Can Neural Networks Learn Small Algebraic Worlds? An Investigation Into the Group-theoretic Structures Learned By Narrow Models Trained To Predict Group Operations
Henry Kvinge, Andrew Aguilar, Nayda Farnsworth, Grace O'Brien, Robert Jasper, Sarah Scullen, Helen Jenne
TL;DR
This work asks whether narrow neural nets trained to predict a group operation on a finite set can learn and reveal abstract group-theoretic structures such as commutativity, the identity, and subgroup structure. It deploys three detection modalities—training dynamics, generalization to unseen elements, and internal representations—across cyclic, symmetric, and dihedral groups using MLPs and decoder-only transformers. The findings show partial evidence for commutativity in some settings and clear access to subgroup structure via linear probes, while the identity element remains elusive to extraction with the proposed methods.
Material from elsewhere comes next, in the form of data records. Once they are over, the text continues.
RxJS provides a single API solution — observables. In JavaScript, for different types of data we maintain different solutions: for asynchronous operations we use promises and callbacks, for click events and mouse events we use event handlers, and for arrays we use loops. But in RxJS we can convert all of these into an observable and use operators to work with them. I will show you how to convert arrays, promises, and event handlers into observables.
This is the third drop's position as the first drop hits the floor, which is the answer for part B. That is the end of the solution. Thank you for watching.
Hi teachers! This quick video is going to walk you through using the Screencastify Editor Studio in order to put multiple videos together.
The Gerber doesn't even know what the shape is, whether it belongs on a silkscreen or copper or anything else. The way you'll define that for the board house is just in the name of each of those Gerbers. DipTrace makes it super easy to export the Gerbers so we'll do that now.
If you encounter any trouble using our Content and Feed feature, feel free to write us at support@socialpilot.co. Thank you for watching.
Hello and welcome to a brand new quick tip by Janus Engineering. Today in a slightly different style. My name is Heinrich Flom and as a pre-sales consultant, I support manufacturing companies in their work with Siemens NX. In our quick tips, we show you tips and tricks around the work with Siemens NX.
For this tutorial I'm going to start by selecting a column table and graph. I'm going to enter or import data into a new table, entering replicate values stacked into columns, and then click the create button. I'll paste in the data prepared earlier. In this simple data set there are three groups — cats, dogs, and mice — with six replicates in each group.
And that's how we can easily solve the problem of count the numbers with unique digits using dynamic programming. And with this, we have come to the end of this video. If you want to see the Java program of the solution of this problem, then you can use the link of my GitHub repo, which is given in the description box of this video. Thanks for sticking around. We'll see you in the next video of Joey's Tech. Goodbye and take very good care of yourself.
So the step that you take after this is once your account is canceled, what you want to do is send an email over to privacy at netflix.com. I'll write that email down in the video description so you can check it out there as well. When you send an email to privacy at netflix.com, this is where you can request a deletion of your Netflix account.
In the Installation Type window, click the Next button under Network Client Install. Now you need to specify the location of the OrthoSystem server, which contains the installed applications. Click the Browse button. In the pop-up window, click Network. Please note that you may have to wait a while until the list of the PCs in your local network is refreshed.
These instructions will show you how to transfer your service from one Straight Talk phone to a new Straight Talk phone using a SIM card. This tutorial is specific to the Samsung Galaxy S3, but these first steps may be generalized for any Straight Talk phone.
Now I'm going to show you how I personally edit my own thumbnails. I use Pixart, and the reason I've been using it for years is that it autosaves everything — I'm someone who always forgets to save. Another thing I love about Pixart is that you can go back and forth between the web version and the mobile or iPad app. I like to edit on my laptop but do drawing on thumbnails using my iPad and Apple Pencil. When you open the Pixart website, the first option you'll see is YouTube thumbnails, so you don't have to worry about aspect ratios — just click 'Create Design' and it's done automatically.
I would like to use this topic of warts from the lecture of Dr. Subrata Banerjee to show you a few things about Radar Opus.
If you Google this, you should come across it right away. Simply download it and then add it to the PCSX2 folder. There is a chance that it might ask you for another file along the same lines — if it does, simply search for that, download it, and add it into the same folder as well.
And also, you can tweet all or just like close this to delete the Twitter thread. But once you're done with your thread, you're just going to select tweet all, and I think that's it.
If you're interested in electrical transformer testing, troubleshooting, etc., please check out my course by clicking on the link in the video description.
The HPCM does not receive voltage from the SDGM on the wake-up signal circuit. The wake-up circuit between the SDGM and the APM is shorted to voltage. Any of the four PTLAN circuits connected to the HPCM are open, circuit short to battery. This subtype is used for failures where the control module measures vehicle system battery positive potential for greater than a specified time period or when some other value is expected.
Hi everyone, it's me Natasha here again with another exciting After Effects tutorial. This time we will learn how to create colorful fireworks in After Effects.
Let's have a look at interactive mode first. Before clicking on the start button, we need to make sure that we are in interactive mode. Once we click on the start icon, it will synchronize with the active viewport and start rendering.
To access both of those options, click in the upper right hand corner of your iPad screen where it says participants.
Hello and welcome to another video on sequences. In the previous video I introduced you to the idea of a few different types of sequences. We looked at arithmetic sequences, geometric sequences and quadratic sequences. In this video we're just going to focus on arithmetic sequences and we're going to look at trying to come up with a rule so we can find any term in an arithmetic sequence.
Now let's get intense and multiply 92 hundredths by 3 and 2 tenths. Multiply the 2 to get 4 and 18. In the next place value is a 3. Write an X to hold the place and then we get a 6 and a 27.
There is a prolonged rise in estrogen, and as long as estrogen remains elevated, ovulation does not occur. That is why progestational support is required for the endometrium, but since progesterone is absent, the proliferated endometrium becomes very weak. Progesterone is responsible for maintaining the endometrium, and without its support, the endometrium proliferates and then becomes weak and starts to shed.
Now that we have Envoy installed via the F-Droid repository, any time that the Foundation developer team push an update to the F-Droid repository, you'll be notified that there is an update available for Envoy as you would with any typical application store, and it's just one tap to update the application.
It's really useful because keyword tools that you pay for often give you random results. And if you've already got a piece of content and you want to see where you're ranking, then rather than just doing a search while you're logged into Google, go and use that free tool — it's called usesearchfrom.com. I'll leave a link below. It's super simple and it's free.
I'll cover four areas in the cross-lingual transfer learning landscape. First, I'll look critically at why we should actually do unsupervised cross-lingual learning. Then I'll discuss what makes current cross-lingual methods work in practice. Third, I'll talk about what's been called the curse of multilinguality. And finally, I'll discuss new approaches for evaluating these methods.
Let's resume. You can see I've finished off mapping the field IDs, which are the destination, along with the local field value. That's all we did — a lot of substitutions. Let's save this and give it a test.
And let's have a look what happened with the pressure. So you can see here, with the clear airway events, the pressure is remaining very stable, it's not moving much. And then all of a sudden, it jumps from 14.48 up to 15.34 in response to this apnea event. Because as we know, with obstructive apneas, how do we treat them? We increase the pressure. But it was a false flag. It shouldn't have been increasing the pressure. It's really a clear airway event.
Overall, the results support the view that small networks can encode rich mathematical world models, suggesting avenues for AI-assisted mathematical discovery while underscoring challenges in interpreting such models without targeted probes or broader hyperparameter exploration.
Abstract
While a real-world research program in mathematics may be guided by a motivating question, the process of mathematical discovery is typically open-ended. Ideally, exploration needed to answer the original question will reveal new structures, patterns, and insights that are valuable in their own right. This contrasts with the exam-style paradigm in which the machine learning community typically applies AI to math. To maximize progress in mathematics using AI, we will need to go beyond simple question answering. With this in mind, we explore the extent to which narrow models trained to solve a fixed mathematical task learn broader mathematical structure that can be extracted by a researcher or other AI system. As a basic test case for this, we use the task of training a neural network to predict a group operation (for example, performing modular arithmetic or composition of permutations). We describe a suite of tests designed to assess whether the model captures significant group-theoretic notions such as the identity element, commutativity, or subgroups. Through extensive experimentation we find evidence that models learn representations capable of capturing abstract algebraic properties. For example, we find hints that models capture the commutativity of modular arithmetic. We are also able to train linear classifiers that reliably distinguish between elements of certain subgroups (even though no labels for these subgroups are included in the data). On the other hand, we are unable to extract notions such as the concept of the identity element. Together, our results suggest that in some cases the representations of even small neural networks can be used to distill interesting abstract structure from new mathematical objects.